_Work to complete_
The required answer is the data below, restated word for word with images omitted.

*** Opening of Records supplied ***

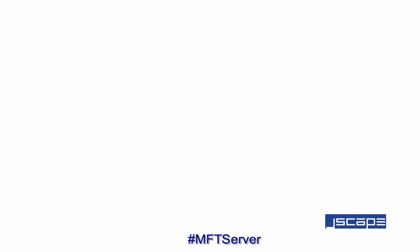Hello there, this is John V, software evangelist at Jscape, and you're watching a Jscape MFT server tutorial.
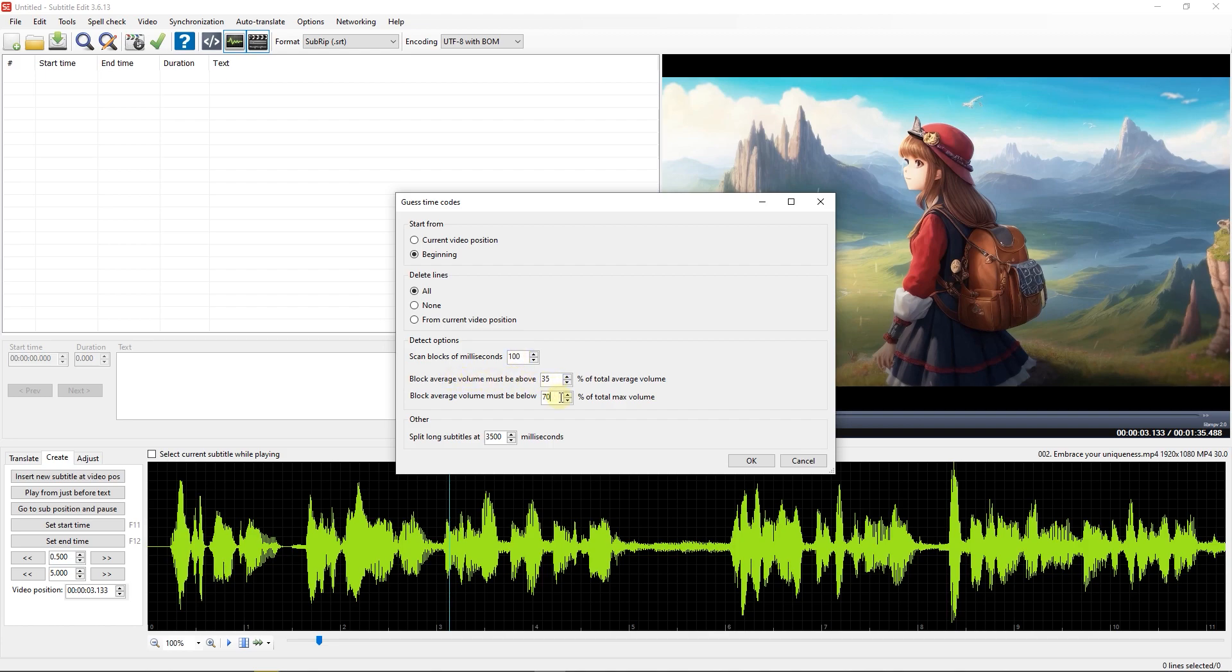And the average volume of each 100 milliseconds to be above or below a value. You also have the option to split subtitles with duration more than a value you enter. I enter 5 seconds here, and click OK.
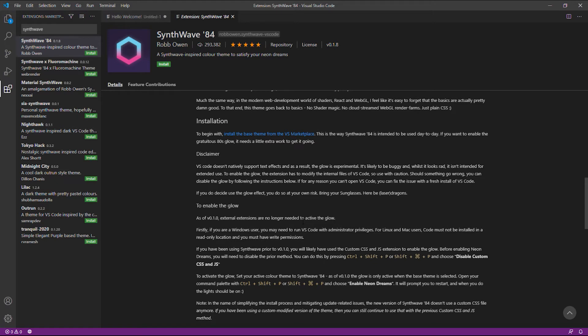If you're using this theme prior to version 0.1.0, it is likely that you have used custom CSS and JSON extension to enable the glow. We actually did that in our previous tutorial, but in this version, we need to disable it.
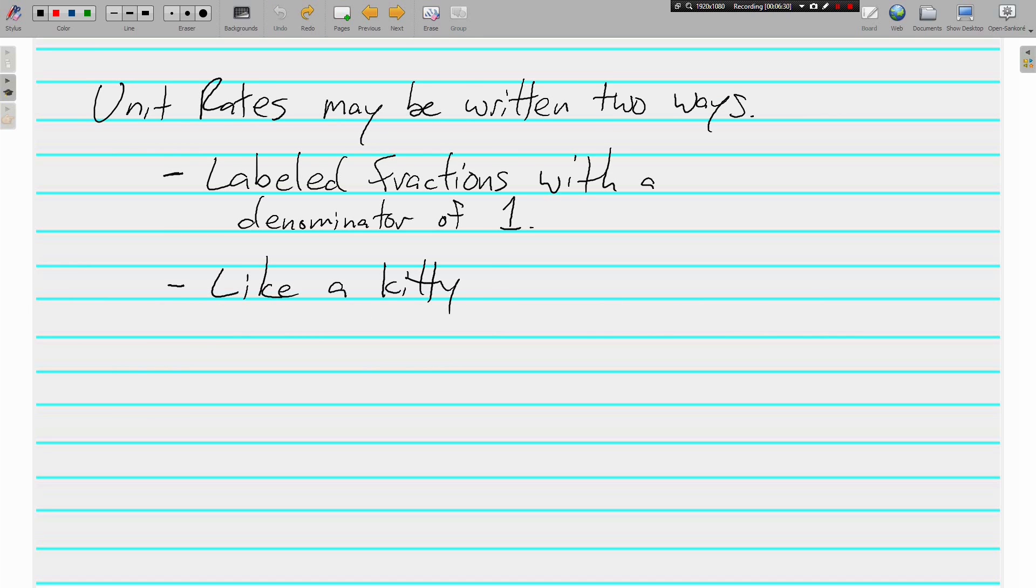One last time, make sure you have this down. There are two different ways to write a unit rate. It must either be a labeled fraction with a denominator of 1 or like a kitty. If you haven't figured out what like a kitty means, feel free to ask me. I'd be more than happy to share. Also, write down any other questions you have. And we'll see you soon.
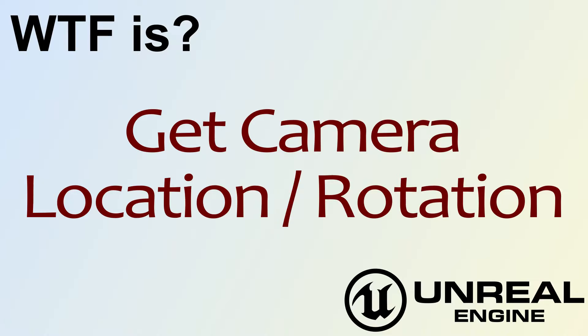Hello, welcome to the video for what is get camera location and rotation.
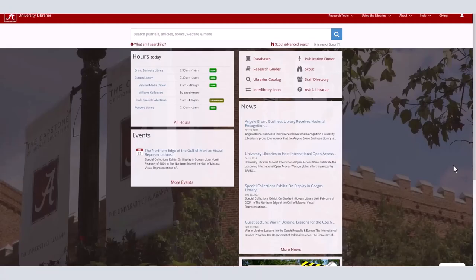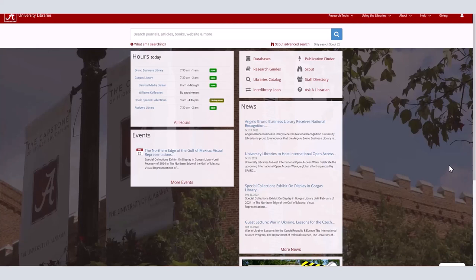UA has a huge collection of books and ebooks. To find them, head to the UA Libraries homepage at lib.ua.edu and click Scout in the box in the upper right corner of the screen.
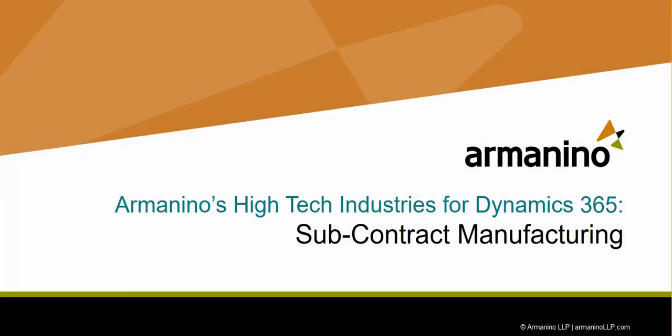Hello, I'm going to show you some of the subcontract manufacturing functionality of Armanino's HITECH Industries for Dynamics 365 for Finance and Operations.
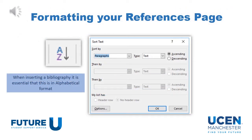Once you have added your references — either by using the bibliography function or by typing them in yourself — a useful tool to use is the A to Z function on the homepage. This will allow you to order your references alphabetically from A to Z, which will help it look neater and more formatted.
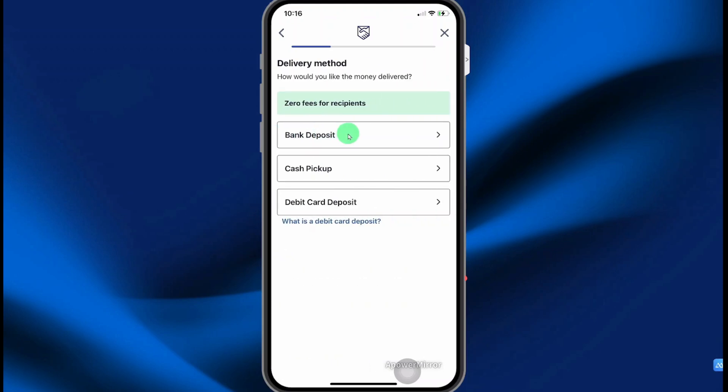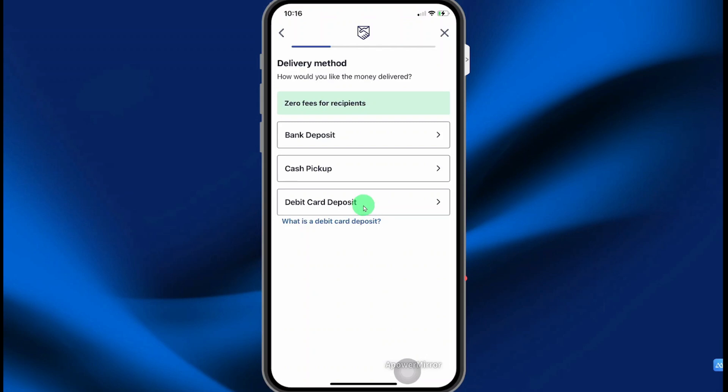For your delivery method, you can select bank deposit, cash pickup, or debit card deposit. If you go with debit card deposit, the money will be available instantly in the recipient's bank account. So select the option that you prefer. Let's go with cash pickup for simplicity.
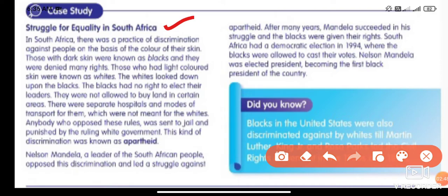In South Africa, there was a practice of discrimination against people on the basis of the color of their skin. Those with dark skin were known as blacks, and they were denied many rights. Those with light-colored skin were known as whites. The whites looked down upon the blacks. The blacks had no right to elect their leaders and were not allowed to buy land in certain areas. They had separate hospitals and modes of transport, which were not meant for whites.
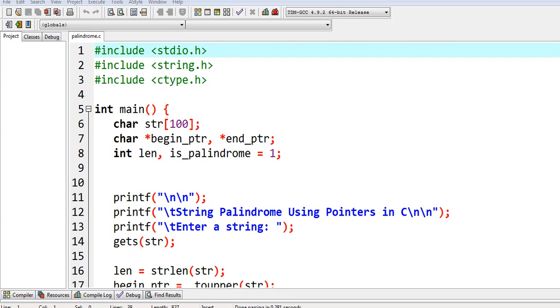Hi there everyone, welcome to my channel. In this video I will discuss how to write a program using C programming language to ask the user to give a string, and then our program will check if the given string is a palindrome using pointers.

*** Close of Records supplied ***

_Answer box_
Hello there, this is John V, software evangelist at Jscape, and you're watching a Jscape MFT server tutorial.
And the average volume of each 100 milliseconds to be above or below a value. You also have the option to split subtitles with duration more than a value you enter. I enter 5 seconds here, and click OK.
If you're using this theme prior to version 0.1.0, it is likely that you have used custom CSS and JSON extension to enable the glow. We actually did that in our previous tutorial, but in this version, we need to disable it.
One last time, make sure you have this down. There are two different ways to write a unit rate. It must either be a labeled fraction with a denominator of 1 or like a kitty. If you haven't figured out what like a kitty means, feel free to ask me. I'd be more than happy to share. Also, write down any other questions you have. And we'll see you soon.
Hello, welcome to the video for what is get camera location and rotation.
UA has a huge collection of books and ebooks. To find them, head to the UA Libraries homepage at lib.ua.edu and click Scout in the box in the upper right corner of the screen.
Hello, I'm going to show you some of the subcontract manufacturing functionality of Armanino's HITECH Industries for Dynamics 365 for Finance and Operations.
Once you have added your references — either by using the bibliography function or by typing them in yourself — a useful tool to use is the A to Z function on the homepage. This will allow you to order your references alphabetically from A to Z, which will help it look neater and more formatted.
For your delivery method, you can select bank deposit, cash pickup, or debit card deposit. If you go with debit card deposit, the money will be available instantly in the recipient's bank account. So select the option that you prefer. Let's go with cash pickup for simplicity.
In South Africa, there was a practice of discrimination against people on the basis of the color of their skin. Those with dark skin were known as blacks, and they were denied many rights. Those with light-colored skin were known as whites. The whites looked down upon the blacks. The blacks had no right to elect their leaders and were not allowed to buy land in certain areas. They had separate hospitals and modes of transport, which were not meant for whites.
Hi there everyone, welcome to my channel. In this video I will discuss how to write a program using C programming language to ask the user to give a string, and then our program will check if the given string is a palindrome using pointers.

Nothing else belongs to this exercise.